Peter Walker, FASLA, has become a legend in his own time. One of the leading landscape architects in the Modernist movement, Walker was chosen to help design and build the National 9/11 Memorial in New York City, and his list of accolades continues to expand.
All in all, he has received over 70 design awards in the regional, national, and international spheres, including the coveted Cooper Hewitt National Design Award, the Sir Geoffrey Jellicoe Award from the International Federation of Landscape Architects, the Honor Award of the American Institute of Architects, Harvard’s Centennial Medal, the University of Virginia’s Thomas Jefferson Medal in Architecture, and the American Society of Landscape Architects Medal.
The National 9/11 Memorial opened on September 11, 2011. Several years earlier, Walker had been brought in by the jury overseeing the competition to work with architect Michael Arad to help Arad realize his vision for the Memorial—two large fountain-lined voids marking the footprints of the fallen Twin Towers and carrying the names of those lost in the 9/11 attacks and in the 1993 bombing attack on the World Trade Center. Walker and his firm, PWP Landscape Architecture, balanced the stoic stone memorial with a lush park to encourage reflection and respite for visitors as well as the inhabitants of Lower Manhattan, one of the densest neighborhoods in the country.
Walker prefers to focus on a few objects and use only a few meaningful materials. “I’m interested in how few things you can use that have multiple interactions, for instance where a group of trees will throw shadow. I’m interested in where people might sit—not just benches, but steps, walls, all of that. I’m always interested in trying to make fewer things do more things. It’s more than an interest in reductiveness—it’s more of an artistic interest,” says Walker.

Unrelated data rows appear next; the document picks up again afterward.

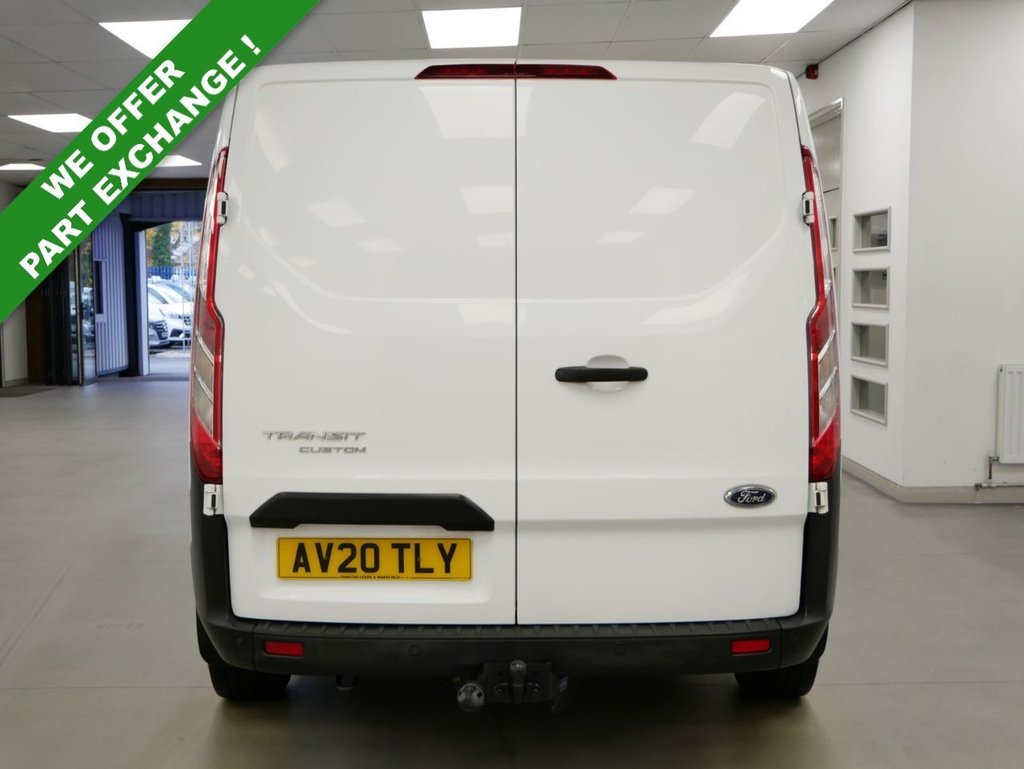 Used Ford Transit Custom 2020 for sale - 76623264: Photo 12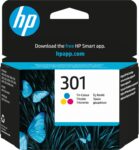 TINTA HP 301 TRICOLOR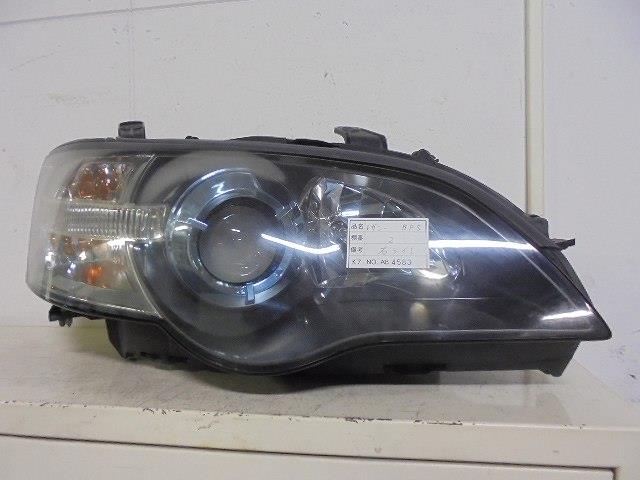 【中古】中古部品 レガシィ BP5 右ﾍｯﾄﾞﾗﾝﾌﾟ 【3310160100-001211693110800】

This approach is evident throughout the National 9/11 Memorial.
Walker and his firm used Vectorworks Landmark software to create and model the National 9/11 Memorial, as they do with all of their designs. “We always use Vectorworks on preliminaries. That’s typically the way we work—everyone here has to do that. It’s much more flexible, it’s much more refined than AutoCAD,” notes Walker. Walker commends the three-dimensionality. Since it’s so difficult to draw, the ability to quickly maneuver a design in 3D is tremendously helpful. He appreciates the fact that you can blow up a detail to its actual size in order to see it better.
By shaping a strong tradition of Modernist landscape design in the U.S. and throughout the world, Walker has helped to create a vocabulary that continues to drive design. Through his many notable projects, he has fashioned spaces that commemorate some of the most important moments in history—living monuments that will continue to thrive for years to come.